THE GREAT FIRE OF LONDON
Throughout the Autumn Term we are going to be learning about The Great Fire of London.
Within our History lessons, we will be looking at what London looked like before The Great Fire and how it has changed since.
We will be looking at the first 5 days of the fire more closely and learning about what might have caused it to be one of the greatest fires our capital city has ever seen.
We will be starting our English with Performance Poetry. This will involve learning a poem off by heart based on The Great Fire of London using actions and expression.

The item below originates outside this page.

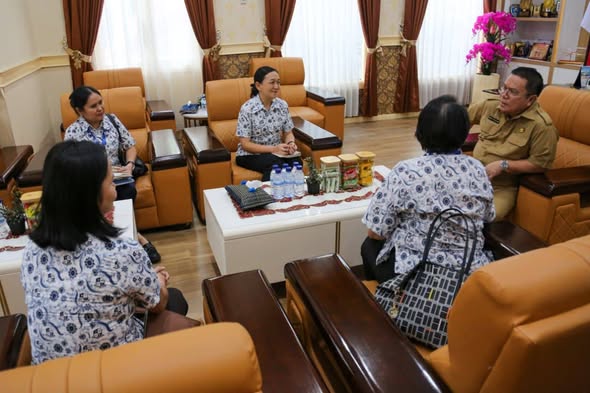 Wali Kota Wesly Silalahi Diundang Hadiri dan Buka Kalam Kudus Fair 2026, Bukti Peran Pemko Pematangsiantar Dukung Dunia Pendidikan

Later on in the term, we will be writing a Non-Chronological report based on the facts that we have learnt during the first couple of weeks. We will be revising the structure of a non-fiction piece of writing including titles, sub-headings, fronted adverbials and factual information.

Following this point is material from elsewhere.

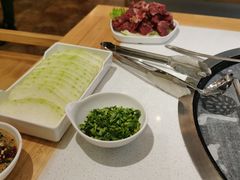 黄牛肉-执牛耳涮烤牛排火锅(伊河路店)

Some materials can be absorbent.
Not all materials can absorb water and these materials are good for using in buildings.
Waterproof materials rebound water the inside of things dry.
Manmade materials are made by people and natural materials come from plants, animals or the ground.
Some materials are impervious to water.
Properties of materials change when heated.
The Great Fire of London started in a bakery in 1666.
The fire burned for 4 days and burnt over 13,000 homes.
They put the fire out by pulling down houses and blew up houses o create a firebreak.
Samuel Pepys kept diaries at the time.
Sir Christopher Wren designed a monument to remember The Great Fire of London.